Activity :: Each entry below is to be transcribed exactly; pictures are not copied.

* * * * * * *

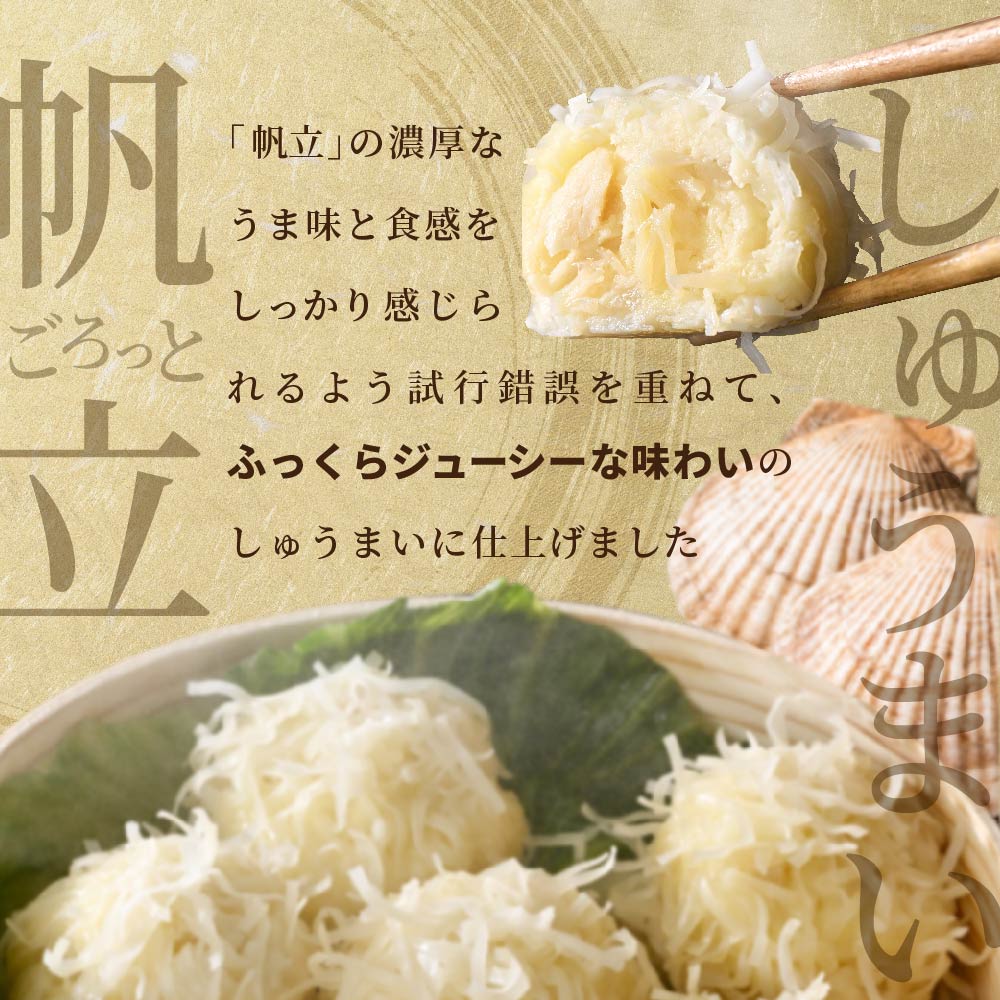 ★GA ごろっと帆立しゅうまい 6個入×2パック【HT000GA00】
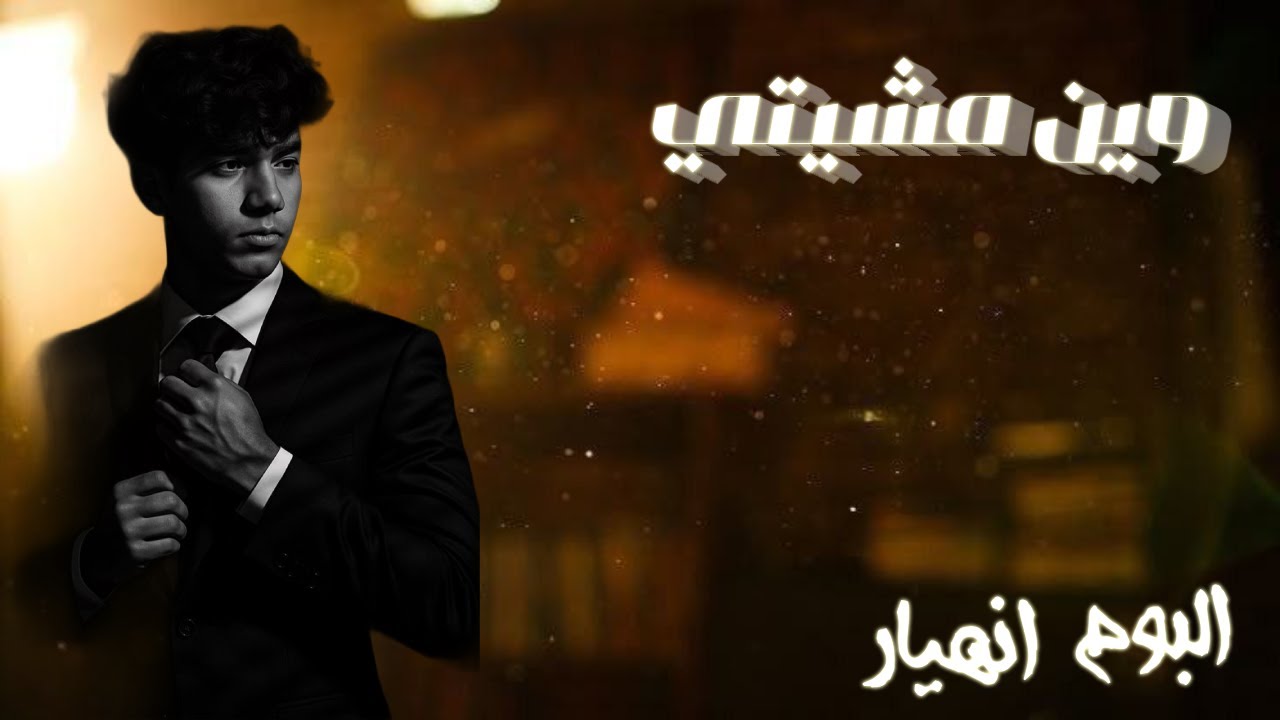 فيكتور - وين مشيتي | (Official Lyrics Video) | Vector - OEN MSHETE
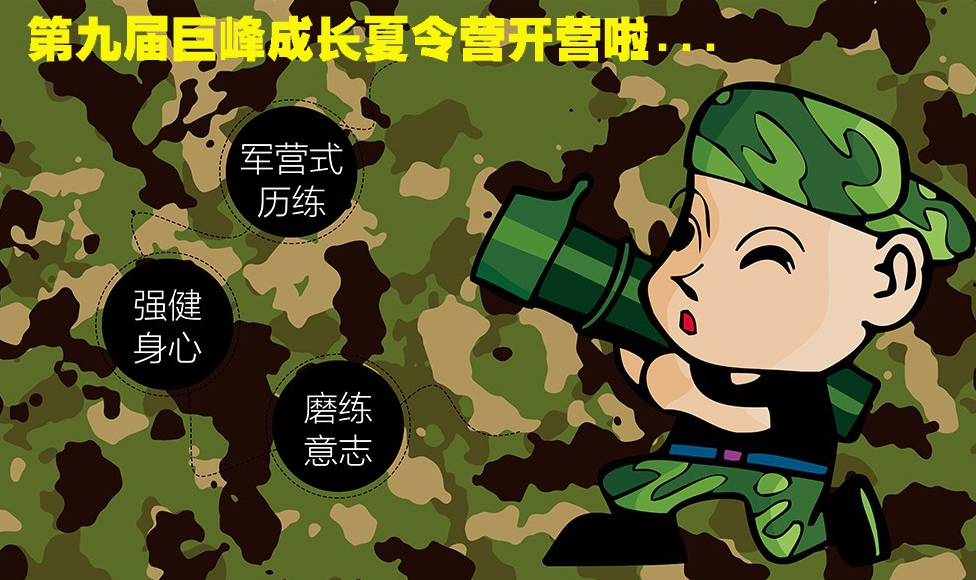 微信图片_20190425141634.png 微信图片_20190425141634.png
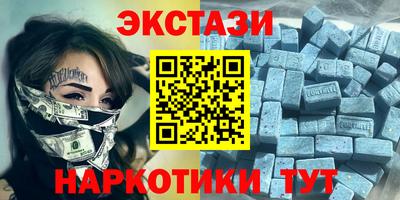 бошки Янаул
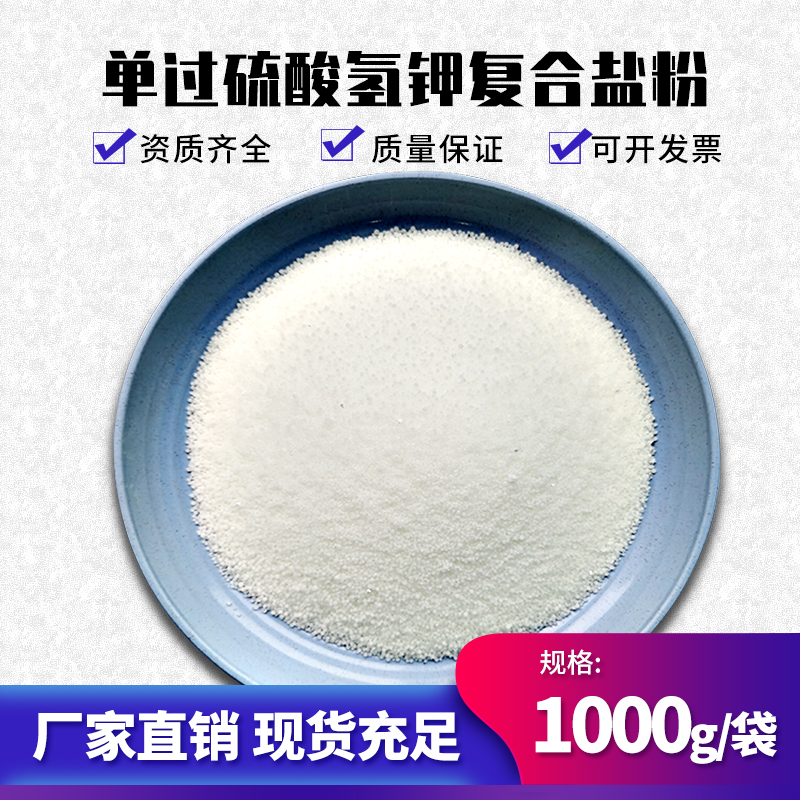 醫(yī)院污水消毒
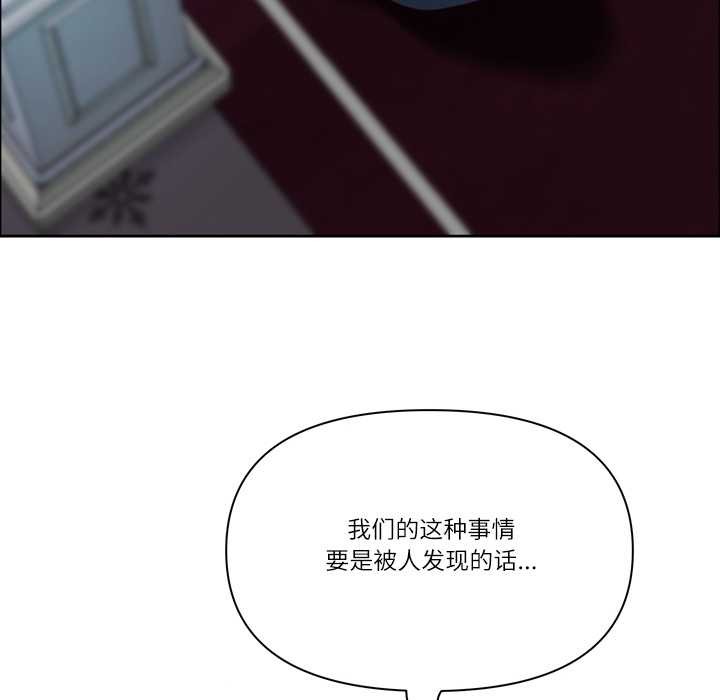 最强男人第55話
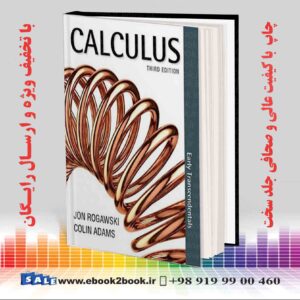 کتاب Calculus: Early Transcendentals, Third Edition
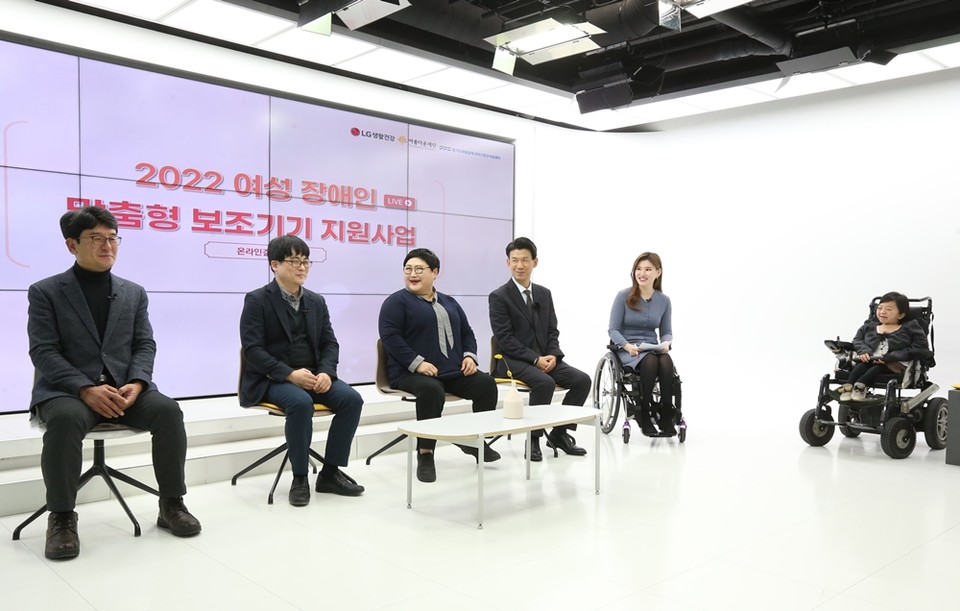 여성장애인 맞춤 보조기기 지원사업 결과공유회. (사진=LG생활건강 제공)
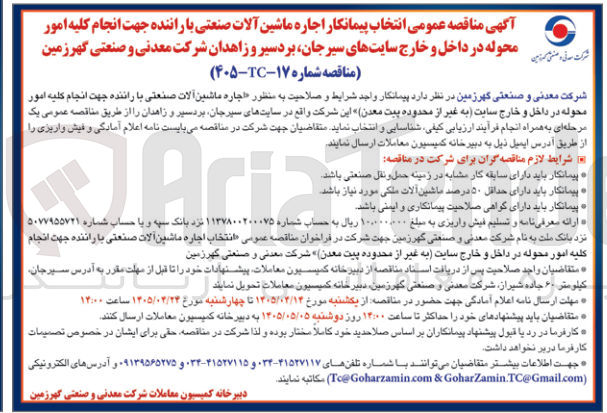 تصویر کوچک آگهی انتخاب پیمانکار اجاره ماشین آلات صنعتی با راننده برای انجام کلیه امور محوله در داخل و خارج 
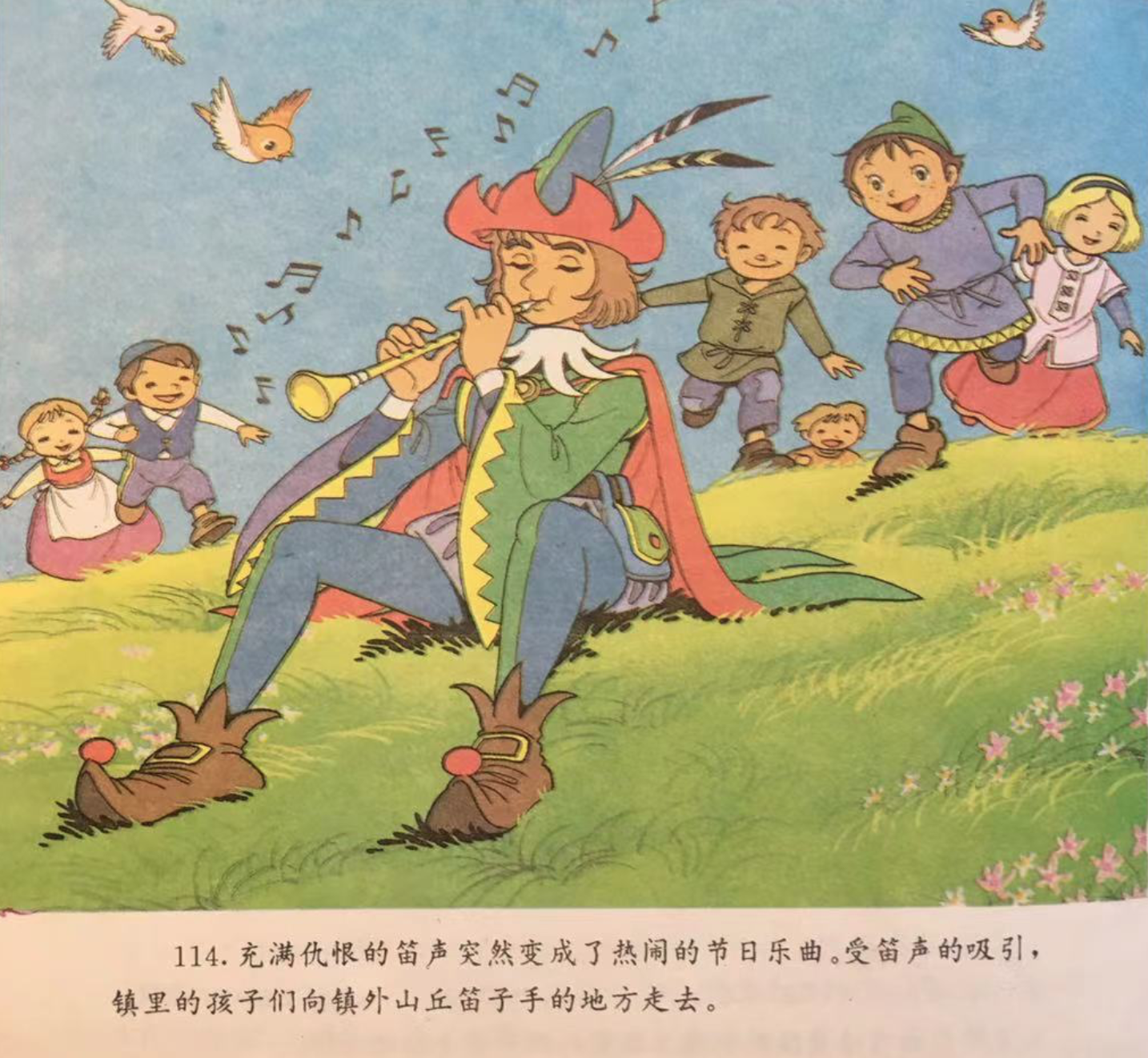 【童话名著·绘本】德国·格林兄弟《花衣魔笛手》 - 知乎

* * * * * * *

Output below ::
 ★GA ごろっと帆立しゅうまい 6個入×2パック【HT000GA00】
 فيكتور - وين مشيتي | (Official Lyrics Video) | Vector - OEN MSHETE
 微信图片_20190425141634.png 微信图片_20190425141634.png
 бошки Янаул
 醫(yī)院污水消毒
 最强男人第55話
 کتاب Calculus: Early Transcendentals, Third Edition
 여성장애인 맞춤 보조기기 지원사업 결과공유회. (사진=LG생활건강 제공)
 تصویر کوچک آگهی انتخاب پیمانکار اجاره ماشین آلات صنعتی با راننده برای انجام کلیه امور محوله در داخل و خارج 
 【童话名著·绘本】德国·格林兄弟《花衣魔笛手》 - 知乎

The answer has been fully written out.